A special issue of Remote Sensing (ISSN 2072-4292). This special issue belongs to the section "Remote Sensing Image Processing".

Deadline for manuscript submissions: 15 September 2025 | Viewed by 2005

Special Issue Editors

Dr. Xiaobo Li

E-Mail Website
Guest Editor
School of Marine Science and Technology, Tianjin University, Tianjin 300054, China
Interests: polarization optics (polarimetry and polarimetric imaging); oceanic optics; deep learning and signal processing
Special Issues, Collections and Topics in MDPI journals
Prof. Dr. Haofeng Hu

E-Mail Website
Guest Editor
China School of Precision Instrument and Opto-electronics Engineering, Tianjin University, Tianjin, China
Interests: polarimetric imaging; polarimetry; deep learning; ocean optics
Special Issues, Collections and Topics in MDPI journals
Dr. Jianhua Guo

E-Mail Website
Guest Editor
Department of Aerospace and Geodesy, Data Science in Earth Observation, Technical University of Munich, 80333 Munich, Germany
Interests: remote sensing; computer vision; deep learning; urban ecosystem services
Special Issues, Collections and Topics in MDPI journals
Dr. Zhitong Xiong

E-Mail Website
Guest Editor
Data Science in Earth Observation, Technical University of Munich (TUM), 80333 Munich, Germany
Interests: deep learning; remote sensing; multimodal foundation models
Special Issues, Collections and Topics in MDPI journals
Dr.

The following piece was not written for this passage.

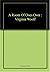 A Room Of Ones Own : Virginia Woolf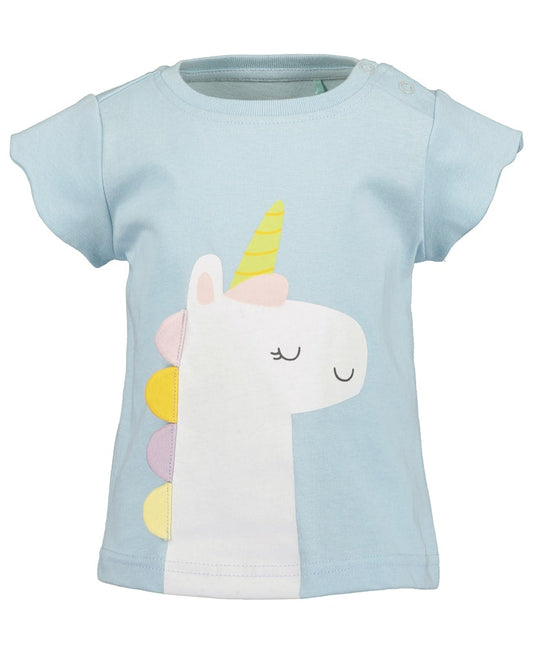 Toddler Girls T-Shirt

Igor Ogashawara

E-Mail Website
Guest Editor
Department of Experimental Limnology, Leibniz-Institute for Freshwater Ecology and Inland Fisheries, D-16775 Stechlin, Germany
Interests: bio-optical modeling; water quality; optical remote sensing; water quality sensors; fluorescence; climatology
Special Issues, Collections and Topics in MDPI journals

Special Issue Information

Dear Colleagues,

“Water-related” refers to anything related to water, such as oceans, rivers, lakes, floods, clouds, rain, mist, snow, and ice. The research objects of water-related remote sensing include all water bodies that serve as either local or overall light, microwave, and acoustic wave transmission paths. By studying their characteristics in liquid, gas, and solid states, in addition to the propagation mechanism of light/microwave/acoustic waves in water and across media, various problems related to intelligent data acquisition, information transmission, and intelligent signal processing in water-related fields can be addressed. The theories, sensors/platforms, interpretation methods, and advanced processing techniques applied to water-related light/microwave/acoustic wave remote sensing are continually evolving. Therefore, the introduction of novel techniques and the exploration of related applications are necessary in order to address existing challenges and expand the potential of remote sensing.

This Special Issue aims to provide a platform for researchers to share and discuss important discoveries, theoretical and experimental advances, technical breakthroughs, methodological innovations, application developments, viewpoints, and perspectives with the water-related remote sensing community. All theoretical, numerical, and experimental results are welcome. The scope of this Special Issue includes, but is not limited to, the following topics: 

  • Ocean observation;
  • Water/flood detection/monitoring/mapping;
  • Underwater imaging/optical sensing;
  • Underwater acoustics and Sonar;
  • Sea ice/polar glacier detection/monitoring/mapping;
  • Cloud detection/removal;
  • Fog/haze removal;
  • Water-related signal processing;
  • Underwater in situ observation;
  • Soil water monitoring.

Dr. Xiaobo Li
Prof. Dr. Haofeng Hu
Dr. Jianhua Guo
Dr. Zhitong Xiong
Dr. Igor Ogashawara
Guest Editors

Manuscript Submission Information

Manuscripts should be submitted online at www.mdpi.com by registering and logging in to this website. Once you are registered, click here to go to the submission form. Manuscripts can be submitted until the deadline. All submissions that pass pre-check are peer-reviewed. Accepted papers will be published continuously in the journal (as soon as accepted) and will be listed together on the special issue website. Research articles, review articles as well as short communications are invited. For planned papers, a title and short abstract (about 100 words) can be sent to the Editorial Office for announcement on this website.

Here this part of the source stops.